[RFC PATCH 3/7] vfio/pci: Support mmap() of a DMABUF

All of lore.kernel.org
 help / color / mirror / Atom feed

From: Matt Evans <mattev@meta.com>
To: Alex Williamson <alex@shazbot.org>,
	Leon Romanovsky <leon@kernel.org>,
	Jason Gunthorpe <jgg@nvidia.com>, Alex Mastro <amastro@fb.com>,
	Mahmoud Adam <mngyadam@amazon.de>,
	David Matlack <dmatlack@google.com>
Cc: "Björn Töpel" <bjorn@kernel.org>,
	"Sumit Semwal" <sumit.semwal@linaro.org>,
	"Christian König" <christian.koenig@amd.com>,
	"Kevin Tian" <kevin.tian@intel.com>,
	"Ankit Agrawal" <ankita@nvidia.com>,
	"Pranjal Shrivastava" <praan@google.com>,
	"Alistair Popple" <apopple@nvidia.com>,
	"Vivek Kasireddy" <vivek.kasireddy@intel.com>,
	linux-kernel@vger.kernel.org, linux-media@vger.kernel.org,
	dri-devel@lists.freedesktop.org, linaro-mm-sig@lists.linaro.org,
	kvm@vger.kernel.org
Subject: [RFC PATCH 3/7] vfio/pci: Support mmap() of a DMABUF
Date: Thu, 26 Feb 2026 12:21:59 -0800	[thread overview]
Message-ID: <20260226202211.929005-4-mattev@meta.com> (raw)
In-Reply-To: <20260226202211.929005-1-mattev@meta.com>

A VFIO DMABUF can export a subset of a BAR to userspace by fd; add
support for mmap() of this fd.  This provides another route for a
process to map BARs, except one where the process can only map a specific
subset of a BAR represented by the exported DMABUF.
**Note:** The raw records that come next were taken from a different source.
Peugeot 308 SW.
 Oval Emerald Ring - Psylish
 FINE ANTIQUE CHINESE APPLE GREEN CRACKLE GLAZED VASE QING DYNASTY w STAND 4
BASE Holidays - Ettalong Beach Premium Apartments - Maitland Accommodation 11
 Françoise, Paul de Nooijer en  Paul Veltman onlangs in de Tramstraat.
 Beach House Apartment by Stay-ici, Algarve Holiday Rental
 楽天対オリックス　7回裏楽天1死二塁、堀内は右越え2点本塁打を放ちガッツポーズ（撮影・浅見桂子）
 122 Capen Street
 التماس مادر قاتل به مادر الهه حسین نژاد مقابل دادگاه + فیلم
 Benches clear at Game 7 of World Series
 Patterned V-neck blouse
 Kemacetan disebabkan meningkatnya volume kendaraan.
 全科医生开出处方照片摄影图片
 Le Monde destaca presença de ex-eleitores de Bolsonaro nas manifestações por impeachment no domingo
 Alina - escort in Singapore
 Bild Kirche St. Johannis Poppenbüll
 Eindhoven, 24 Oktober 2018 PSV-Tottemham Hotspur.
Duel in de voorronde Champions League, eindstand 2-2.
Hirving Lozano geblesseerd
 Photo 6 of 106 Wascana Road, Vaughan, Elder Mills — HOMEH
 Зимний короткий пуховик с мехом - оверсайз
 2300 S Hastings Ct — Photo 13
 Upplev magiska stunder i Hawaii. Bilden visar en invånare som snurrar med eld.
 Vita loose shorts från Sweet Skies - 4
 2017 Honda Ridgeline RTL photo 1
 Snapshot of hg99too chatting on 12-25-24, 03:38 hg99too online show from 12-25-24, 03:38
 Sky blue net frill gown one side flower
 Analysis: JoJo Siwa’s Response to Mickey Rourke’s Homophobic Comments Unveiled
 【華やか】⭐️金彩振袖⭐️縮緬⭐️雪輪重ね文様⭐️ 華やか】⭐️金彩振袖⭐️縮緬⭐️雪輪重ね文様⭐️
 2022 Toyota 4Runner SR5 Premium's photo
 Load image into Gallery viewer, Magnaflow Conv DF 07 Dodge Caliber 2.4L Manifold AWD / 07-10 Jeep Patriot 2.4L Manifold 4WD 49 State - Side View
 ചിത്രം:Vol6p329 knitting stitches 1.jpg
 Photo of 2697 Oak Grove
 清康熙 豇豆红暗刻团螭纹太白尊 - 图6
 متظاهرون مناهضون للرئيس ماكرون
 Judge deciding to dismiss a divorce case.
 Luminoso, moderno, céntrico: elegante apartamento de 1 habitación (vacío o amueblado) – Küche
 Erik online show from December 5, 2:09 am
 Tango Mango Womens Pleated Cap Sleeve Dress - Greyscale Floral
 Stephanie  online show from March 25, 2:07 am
mmap() support enables userspace driver designs that safely delegate
access to BAR sub-ranges to other client processes by sharing a DMABUF
fd, without having to share the (omnipotent) VFIO device fd with them.

The mmap callback installs vm_ops callbacks for .fault and .huge_fault;
they find a PFN by searching the DMABUF's physical ranges.  That is,
DMABUFs with multiple ranges are supported for mmap().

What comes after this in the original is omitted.